River Edge Borough, Bergen County
In 1995, the Historic New Bridge Landing Park Commission was established by the New Jersey Legislature to coordinate and implement governmental and private development policies and other activities incidental to the preservation maintenance, restoration and interpretation of the historic riverfront village surrounding New Bridge, thereby optimizing its educational and recreational benefit to the public. Soon thereafter, a General Management Plan was prepared, setting forth the interpretive themes, management objectives and future planning needs.

The historic village spans the Hackensack River at the intersection of four municipalities (River Edge, New Milford, Teaneck and Hackensack) and encompasses municipal, county and state owned resources. Representatives from each government entity as well as from the Bergen County Historical Society and the Blauvelt-Demarest Foundation serve on the Commission. The Commission has successuflly combined money, expertise, from a multitude of public and private sources to leverage restoration, land acquisition, and site enhancement and has in a very short time shown itself to be a model for success.

Since 1995, the Steuben House, owned by the State, has been transformed by a new heating system, roof replacement, carpentry repairs, and exterior restoration supported by archaeological investigation and historical research. The site has been enhanced with new parking facilities, removal of inappropriate vegetation and new landscaping. New Milford is working on a streetscape plan for the property along French Creek and through Bergen County's efforts, the little swing bridge is about to be restored and an addition is being planned for the Campbell-Christie house.

Two years ago the Steuben House and Historic New Bridge Landing were listed on Preservation New Jersey's Ten Most Endangered Sites. Through the coordinated efforts of the Park Commission, the Division of Parks and Forestry, the County of Bergen, Senator Robert Torricelli who is responsible for securing $1.1 M in a special federal appropriation, Assemblywoman Loretta Weinberg, Congressman Steve Rothman, NJ Assemblywoman Charlotte Vanderwalk, NJ Senator Gerry Cardinale, and many, many others, this Revolutionary War site has become a proud landmark of the early settlement of northeastern New Jersey and of the Revolutionary War.

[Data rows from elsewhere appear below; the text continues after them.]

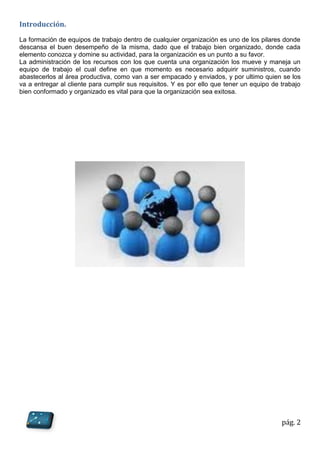 pág. 2
Introducción.
La formación de equipos de trabajo dentro de cualquier organización es uno de los pilares donde
descansa el buen desempeño de la misma, dado que el trabajo bien organizado, donde cada
elemento conozca y domine su actividad, para la organización es un punto a su favor.
La administración de los recursos con los que cuenta una organización los mueve y maneja un
equipo de trabajo el cual define en que momento es necesario adquirir suministros, cuando
abastecerlos al área productiva, como van a ser empacado y enviados, y por ultimo quien se los
va a entregar al cliente para cumplir sus requisitos. Y es por ello que tener un equipo de trabajo
bien conformado y organizado es vital para que la organización sea exitosa.
 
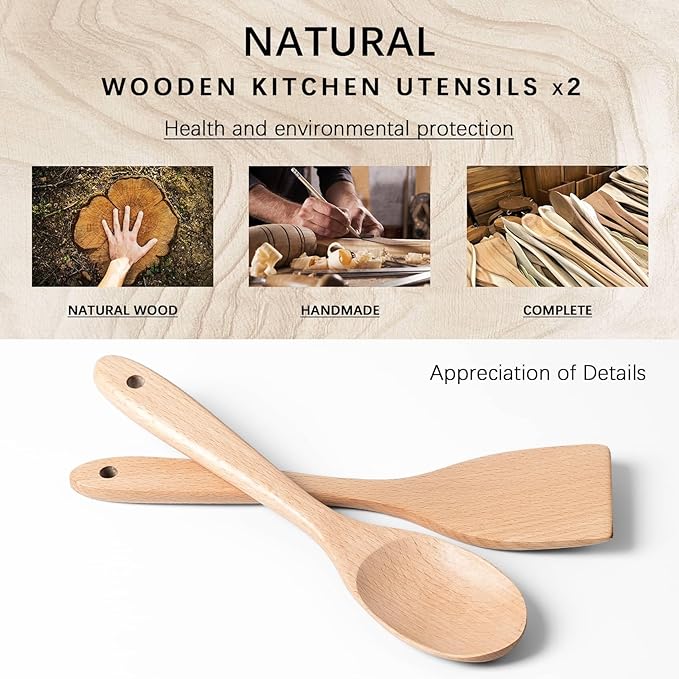 2pcs Wooden Spatula Spoon for Cooking, Thicker 12inch Coated Beech Wood Turners - Image 3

Initiative Individuals and Organizations:

Steuben House Restoration: Holt Morgan Russell, Architects; Danza, Inc., Contractors; Hunter Research Consultants, Archaeologists; Division of Parks and Forestry

Initiative Partners: River Edge Borough; New Milford Borough; Teaneck Township; Bergen County; New Jersey Department of Environmental Protection, Division of Parks and Forestry; Bergen County Historical Society; and Blauvelt-Demarest Foundation.

Recognized For Creation of the New Bridge Landing Park Commission: Robert Griffin, Timothy Adriance, James L. Bellis, R. Lynden Day, Mary Donohue, S. Frederic Guggenheim, Sandra Loft, Ruth Van Wagoner, Anne Subrizi, Deborah Fisk, Todd Braisted, Sue Jenkins, Pat Shuber and Adam Strobel of Bergen County, Mark Pitchell, Kevin Wright, and former Division of Parks and Forestry Director, Greg Marshall.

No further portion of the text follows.